АЛЕКСАНДР ИЛЬИН (А.И.): Можно ли конкретно сказать: как себя чувствуют художники в России? Если бы я был художником, мне было бы интересно понять, что мне нужно делать, чтобы выйти на международный уровень. Была ли дискуссия о том, как вообще этот механизм устроен? 

 

П.Л.: Есть проблема малой репрезентации художников на международной сцене. Нет институций в регионе, которые занимаются современным искусством. Нет специального образования. Есть также проблема коммуникации между регионами, между международными кураторами и российскими. 

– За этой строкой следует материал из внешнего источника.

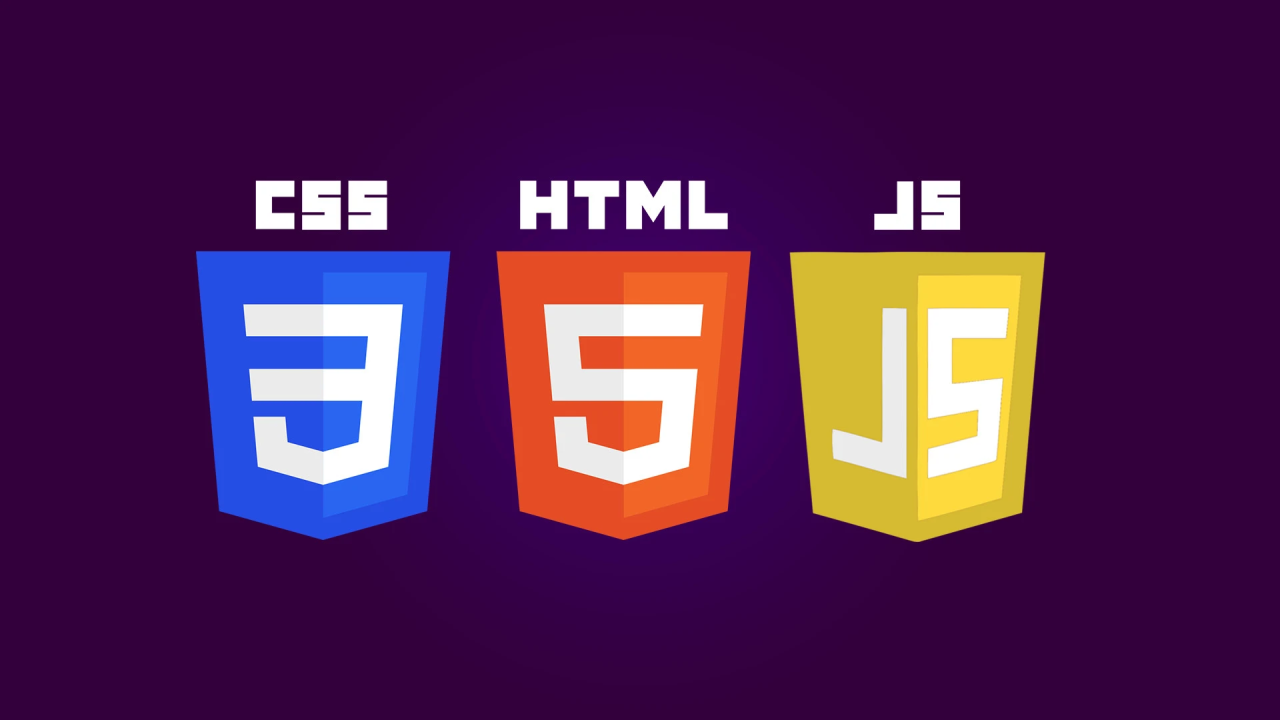 HTML CSS JavaScript
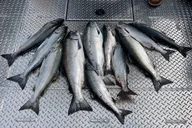 Ketchikan Wild Alaskan Salmon Fishing Trip thumbnail 2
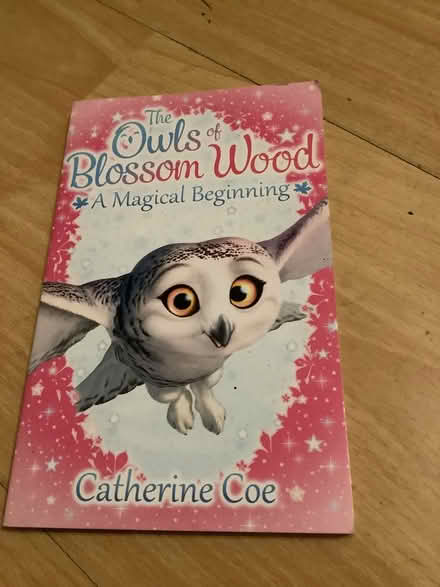 Photo of free The owls of blossom wood book (Brampton S40) #1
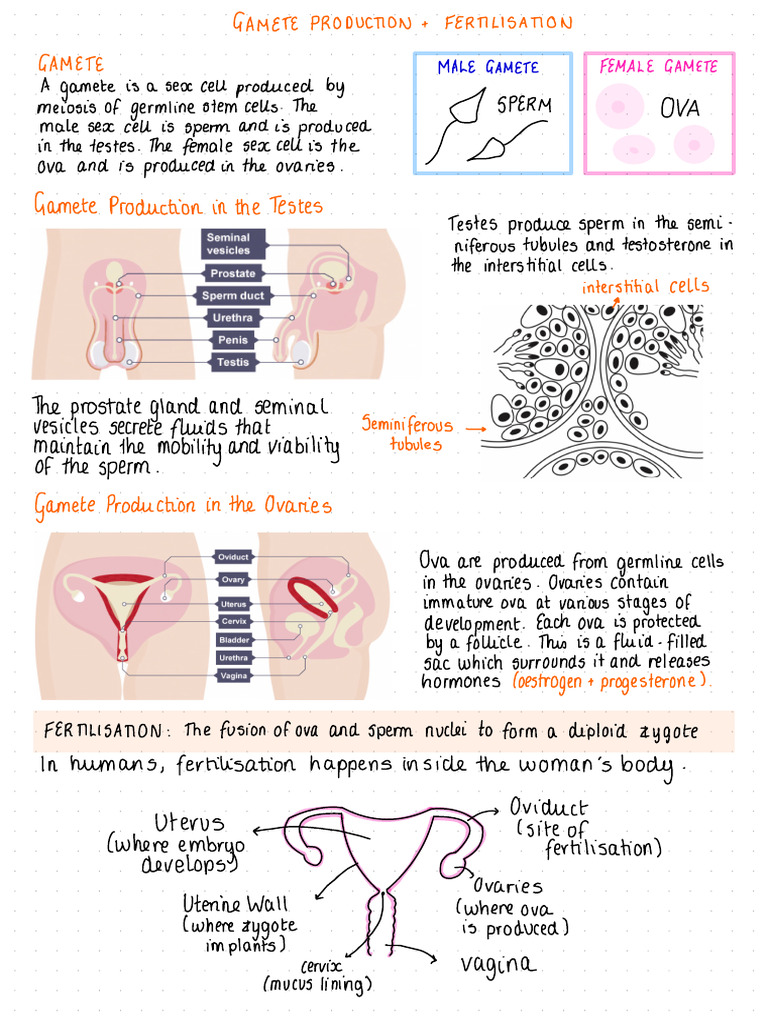 Gamete Production in Ovaries and Testes | PDF | Ovary | Fertilisation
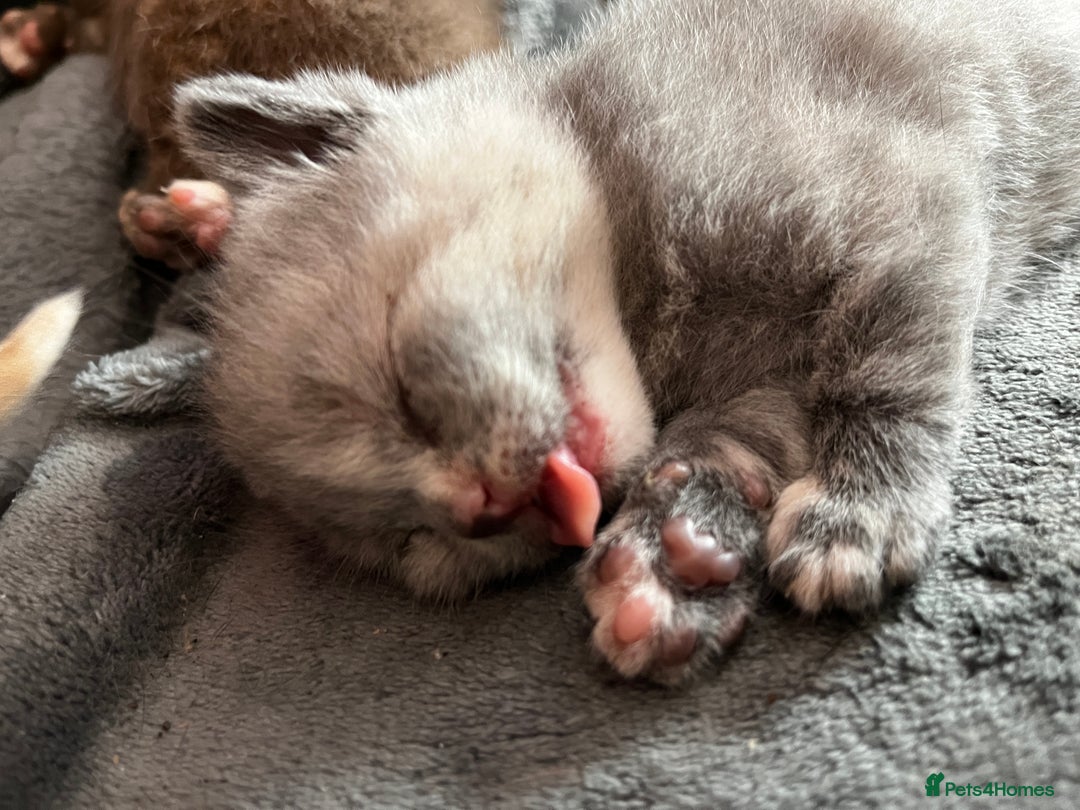 British Shorthair cats for sale: Beautiful pedigree bsh kittens  - Image 14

Мне кажется, обособленность регионов, понимание регионов как одной большой периферии, слитой и однородной, — это все следствие истории страны. В плане работы с этой травмой художники применяют деколониальную эстетику — это та эстетика, которая снимает оппозицию «центр-периферия» и выстраивает альтернативную историю. То есть ты не работаешь в плане центра–периферии, а создаешь свое видение, самоидентифируешься и с собой, и с регионом, и со страной как-то по-своему, альтернативным путем. 

 

4. ПОЛОЖИТЕЛЬНЫЕ РЕЗУЛЬТАТЫ ПРОЕКТА И ВОЗМОЖНОСТИ АЛЬТЕРНАТИВНОГО ПОДХОДА

 

АННА АССОНОВА (А.С.): Мне кажется, такой проект выставочно-заставочный, и, как я понимаю, какого-то осмысления в первичном пространстве он не предусматривает. Но интересно то, что вокруг него запускается дискуссия в обществе, и в этом есть какой-то плюс.

 

А.Н.: Когда появляется такая возможность общения между регионами, городами, это очень хорошо. Потому что людям, живущим там, не хватает информации, они жаждут встречаться и обсуждать. Не хотелось бы, чтобы это была единичная история. 

 

Т.М.: Я не уверена, что для современного искусства может работать такая ситуация, когда приезжают эксперты с набором понятий, что-то рассказывают, дискуссия происходит или нет — и все расходятся. Это и есть симптом «центра-периферии», что центр ощущает себя как центр, а периферия как периферия. Мне кажется, что есть какие-то альтернативные модели, которых я, например, не знаю, но их интересно найти и решить. Я не знаю, как эта проблема может быть решена в таких больших проектах.

 

К.П.: Мне в этом проекте видится больше позитивных сторон, чем отрицательных. Один из самых главных плюсов проекта в том, что туда приезжают иностранные инвесторы и потом они могут вернуться в регион. У меня есть пример моей любимой Ульяновской области, в которой, на удивление, развивается креативная индустрия. Они позвали немцев, которые приехали и построили им модель арт-резиденции. Разве это плохо? Тоже абсолютно модель «центра-периферии». Нетворкинг никто не отменял, и надо учиться как-то с этим работать.

 

ЛЮДМИЛА АЛЯБЬЕВА (Л.А.): Я для себя эту оппозицию «центр-периферия» решила обойти следующим образом: лучше работать поверх политических границ, прочертить очевидные связи  и, например, наладить отношения Сибири и Красноярска, скажем, с Хельсинки или Копенгагеном, или с Осло, где одинаковые потребности в том, что касается дизайна и моды. Поскольку нам есть чем обмениваться друг с другом — все это работает. Я не уверена, что это будет работать в том, что касается современного искусства, хотя почему нет? Сообщество, которого на карте вроде бы и нет, на карте современного искусства присутствует.